The Rockwell Museum, Corning, New York



You have to love this wild building. It's formerly the City Hall in Corning, NY, now transformed into the Rockwell Museum. My wife Alice and I visited there last weekend and became instant fans. Founded some 41 years ago with a focus on the art of the West, the Museum has recently embarked on a mission to broaden its focus to other schools of art. 






And since January, it has a new Director, Brian Whisenhunt. Brian until recently was the Director at the Museum of the Southwest in Texas and before that Director of the Swope Art Museum in Indiana (where my solo exhibition continues through March 25, 2017. It really is a small world). 
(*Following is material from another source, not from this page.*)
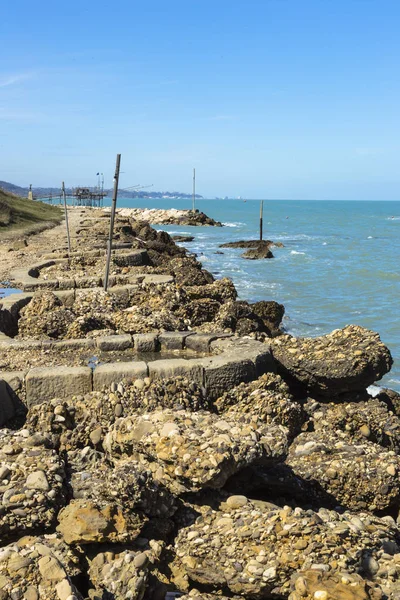 Platform perikanan yang dikenal sebagai trabucco di San Vito Chietino, Abruzzo, Italia — Stok Foto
One of the first pieces to greet you as you enter the Museum is this bronze Deborah Butterfield untitled horse from 2000 (above). Nearby is the temporary exhibit Modern Masters, Contemporary Icons on loan from the Old Jail Art Center in Albany, TX. I'd have posted images of some of its works (including Thomas Hart Benton, Grant Wood, and Warhol among others) but Museum asks that you not photograph work borrowed from other  collections. Modern Masters is on view through April 23, 2017.

Following is a quick tour of some of Rockwell's permanent collection.





Here's my wife Alice in one of the large upstairs galleries that has an enormous Albert Bierstadt oil Mt. Whitney on the far wall.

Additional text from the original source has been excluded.